Now our "laws" of physics are not the real laws by which things behave. They are gross simplifications and probably filled with entities that we will find out don't really exist, or are better represented as something entirely different (and these will still be mere representations that are limited and shaped by our nature and abilities). The example Cartwright gives for this sort of problem is that Newton's Laws, as useful as they are, are clearly not the laws of physics. They work for two bodies in isolation. Nothing is actually in isolation. Add in multiple bodies and calculating orbits becomes impossible, for us at least. That means we may be missing something essential that would make everything I said untrue, but it seems true for now that a lot of the most interesting stuff in the universe isn't necessary under the laws we observe.
1. First the language
[quote=Galileo Galilei]The universe was written in the language of mathematic.[/quote]
2. Instructions/algorithms, simultaneous/sequential, creating the stuff and the laws they follow (faithfully).
Would this mean we cannot know any truths about anything? Only our personal/ subjective truth about them because we cannot observe or consider anything objectively?
I dont know how I feel about that haha. What would be the point in any pursuit of knowledge, insight and wisdom because it can never be objective true.
Second issue I have is when you factor in pragmatism. If what we think we know about electricity (for example) allows us to manipulate it and get it to do useful work for us as a society one would reasonably consider we have concrete objective understanding of the property/ phenomena. Because we know how to use it and can predict what other utilities it can be practical for and then execute those also.
If its impossible to refer to anything objectively there would be gross inconsistency in pragmatism
How does an instruction instruct its own composition? I find it hard to understand how an algorithm or code or whatever used to determine the structure and components of the universe comes about simultaneously with that which its coding
Good questions. All I can say, mon ami, is we've hit a wall which reason at its present level, in its present form, cannot penetrate. We need a new tool to tackle these kinda problems/issues.
Whatever happens in pragmatism is always interpreted by us. When you see that a watch works, you can predict its behaviour and you can build more watches, all these things are under your interpretation, so that ultimately you cannot say what is really happening when you see that the watch works, that what you predict happens, that you can build more watches. In one word: we cannot know anything ultimately for sure.

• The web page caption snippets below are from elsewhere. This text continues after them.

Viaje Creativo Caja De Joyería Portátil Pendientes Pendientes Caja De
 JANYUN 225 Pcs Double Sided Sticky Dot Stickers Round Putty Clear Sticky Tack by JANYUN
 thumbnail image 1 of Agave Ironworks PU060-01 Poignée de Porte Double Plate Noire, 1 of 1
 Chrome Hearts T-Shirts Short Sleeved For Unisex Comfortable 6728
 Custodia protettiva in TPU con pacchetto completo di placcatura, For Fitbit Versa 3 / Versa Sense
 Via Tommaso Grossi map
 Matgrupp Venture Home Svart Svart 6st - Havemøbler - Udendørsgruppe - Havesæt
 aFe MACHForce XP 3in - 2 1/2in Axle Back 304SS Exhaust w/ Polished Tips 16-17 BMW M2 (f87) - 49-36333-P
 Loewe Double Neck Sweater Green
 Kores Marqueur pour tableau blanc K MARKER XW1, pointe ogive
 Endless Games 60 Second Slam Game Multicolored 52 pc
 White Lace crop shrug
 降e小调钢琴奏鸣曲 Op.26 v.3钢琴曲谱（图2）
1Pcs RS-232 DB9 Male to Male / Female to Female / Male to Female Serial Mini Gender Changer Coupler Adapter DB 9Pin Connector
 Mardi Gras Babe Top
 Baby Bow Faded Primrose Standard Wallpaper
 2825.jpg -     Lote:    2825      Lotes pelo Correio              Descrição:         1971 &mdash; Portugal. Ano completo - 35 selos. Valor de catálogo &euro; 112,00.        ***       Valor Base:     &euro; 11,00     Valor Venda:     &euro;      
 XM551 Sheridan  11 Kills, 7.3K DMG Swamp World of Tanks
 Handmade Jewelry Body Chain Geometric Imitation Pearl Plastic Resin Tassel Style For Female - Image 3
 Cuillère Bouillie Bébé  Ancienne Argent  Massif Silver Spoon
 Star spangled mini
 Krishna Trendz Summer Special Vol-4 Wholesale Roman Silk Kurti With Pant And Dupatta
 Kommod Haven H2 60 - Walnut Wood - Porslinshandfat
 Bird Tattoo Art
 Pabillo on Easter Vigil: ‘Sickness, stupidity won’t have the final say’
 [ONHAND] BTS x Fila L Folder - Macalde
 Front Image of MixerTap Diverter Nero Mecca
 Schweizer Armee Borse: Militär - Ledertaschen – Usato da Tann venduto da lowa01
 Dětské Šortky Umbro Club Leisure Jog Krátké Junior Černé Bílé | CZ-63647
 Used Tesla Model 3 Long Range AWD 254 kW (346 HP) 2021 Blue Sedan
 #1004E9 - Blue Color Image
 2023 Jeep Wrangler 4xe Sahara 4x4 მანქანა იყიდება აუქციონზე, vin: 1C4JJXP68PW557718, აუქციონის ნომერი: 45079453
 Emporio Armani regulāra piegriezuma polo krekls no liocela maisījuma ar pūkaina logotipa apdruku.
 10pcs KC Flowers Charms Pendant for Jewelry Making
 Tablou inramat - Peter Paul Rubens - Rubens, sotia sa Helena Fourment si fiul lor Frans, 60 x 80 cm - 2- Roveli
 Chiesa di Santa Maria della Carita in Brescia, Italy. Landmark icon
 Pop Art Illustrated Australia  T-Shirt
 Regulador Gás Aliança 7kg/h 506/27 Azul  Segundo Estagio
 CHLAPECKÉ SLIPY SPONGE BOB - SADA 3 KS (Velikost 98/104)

Working things are not evidence that we are in contact with reality, because the fact that they work is an intepretation of ours as well.
Quoting Benj96
Philosophy is not technology: it doesnt matter if its results are weird, not practical, not comfortable, or useless. Philosophy is exploration of the most ultimate things that we are able to think of.
After doing philosophy, we can work on the utility of its results, how they can be used, we can do whatever we want with the results. But this is a next step. The first step must be free from any pre-decision, otherwise your exploration is already limited in advance to what you decided is acceptable, or useful, or whatever. Whats the point of doing philosophy after having established in advance any conditions? If there are conditions, then it is not philosophy. We can discuss these conditions and it is already philosophy, because it is already an effort to explore the most ultimate things that we are able to think about.